What the…? I didn’t understand. For a second, I floated outside my body and looked at me looking at a photo of my husband’s bootless legs sticking out from under a tarp. Then I was riding on an asteroid plummeting through the earth’s atmosphere.

Think, Lynn, think. What’s going on? What is this?

I tried to make it make sense when a few seconds later, wham! I hit the ground, and from the crater rose up so much anger and despair I started to choke and hyperventilate. There is no sense of direction in hell.

“That’s my husband!” I screamed to no one, although Carlene was asleep in her crib in the next room.

Tears and snot ran into my mouth as I reached for the phone on the wall and dialed my parents’ phone number. Dad answered the phone.

“Daddy,” I bawled, “you promised me I’d never have to see his tractor! You promised me!”

“Lynnie?” he said. My voice was unrecognizable and he was obviously taken off guard. He begged me to calm down and tell him what happened. I paced the length of the phone cord and cried and listened to him saying calmly, “Shhhh, honey.

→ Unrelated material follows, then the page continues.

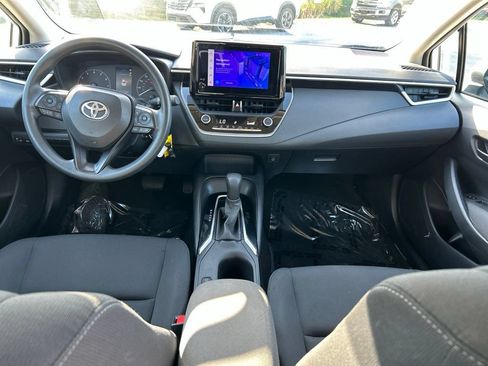Used 2024 Toyota Corolla LE FWD image 11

Shhhhh. Shhhhh.”

Finally, I slumped to the floor and in fits and stops, told Dad about the photographs. While it was true he promised me that Bruce’s tractor was taken far away and that I’d never have to see it, he couldn’t have known there would be published photographs. My dad, who’d lost his father when he was 6 years old and felt tremendous personal sorrow for Carlene, was beside himself trying to comfort his daughter 200 miles away. As a parent, I can only imagine how he felt. My guess is he wanted to hurt someone. Really badly.

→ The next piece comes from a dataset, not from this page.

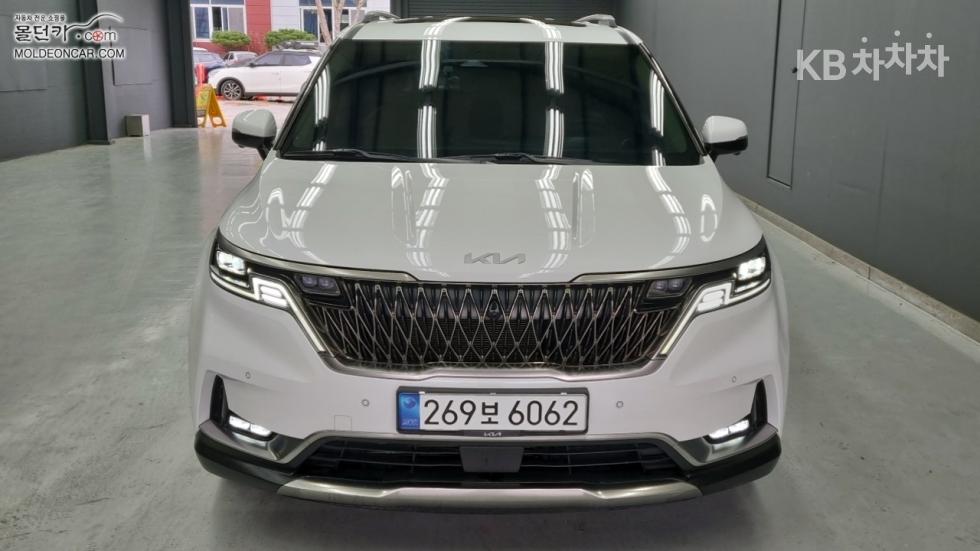 2023 - kia carnival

The only thing those photos did was assure me that Bruce had not been cut into a million pieces by a freight train, and that the body we buried in the ground was whole. I wondered why that mattered. Dead is dead. But because it mattered and I was left with so many questions about the accident, I sought the answers a few weeks later. I went to talk to David because I knew he’d tell me the truth. Even though he thought he was protecting me by not letting me see Bruce’s dead body, he knew I needed to know what happened and how.

I told him of my original fear about how Bruce died and he assured me that Bruce’s body was indeed intact and that he died of a severe head injury. Investigators surmised that the train hit the front wheels of Bruce’s cab tractor and that his body was thrown through the front window and into the ditch. The glass lacerated his brain and he was killed instantly. I still wonder if in the last seconds of his life, Bruce saw the train and if he was afraid and if he knew he was going to die. My heart aches for him if that is true.

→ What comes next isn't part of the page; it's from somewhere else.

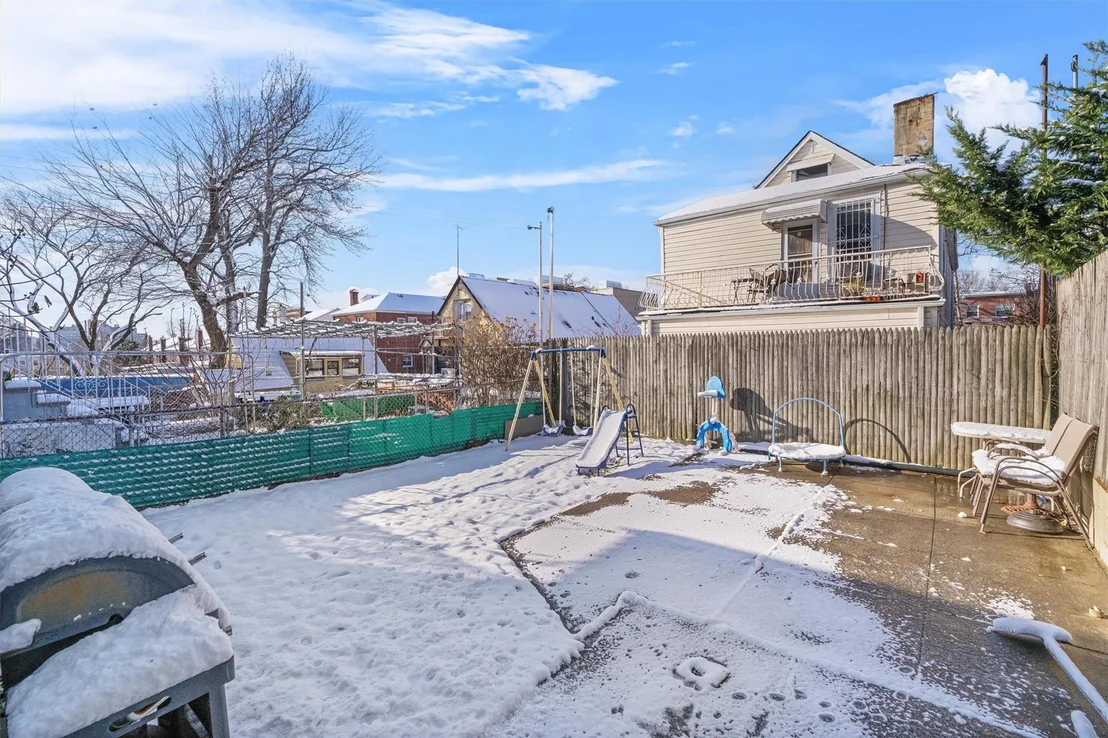 Photo of 2555 Morgan Avenue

David was on the ambulance crew that day, so he’d seen Bruce dead, and David’s trauma became my lasting nightmare. I developed what I call “Bruce dreams” shortly after our conversation and I’ve had them ever since. Experts say it’s because I never saw him dead. Never got the chance to say goodbye.

I wasn’t angry with David about his decision to not let me see Bruce. I knew he acted out of love and compassion all those years ago. Still I welcomed his apology because it validated what I’d felt for years – that I needed to see Bruce dead so I could have some closure. If I hadn’t been a 19-year-old bleeding, nursing new mother, I would have demanded it.

Reliving the hardest days in all of my life gave the 19-year-old me some satisfaction, but the present me was falling into a black hole. As Carlene’s project wore on, I became more aware of how the time separating Bruce and me had stolen the small details of our life. I remembered the painful things, but I couldn’t always recall the good.

Carlene’s project was under my skin and had become way more personal than I expected or wanted. By the time the final response came in late winter, I was off the DASH diet and on an antidepressant. I had too many feelings and not enough space in my head. I couldn’t stand the nights of crying and days of sleeping. I got stuck when I tried to break away from the memories and put them in perspective, all the while trying to nurture my real-life relationship. I still loved Bruce and I felt like I was betraying Larry by crying over a ghost.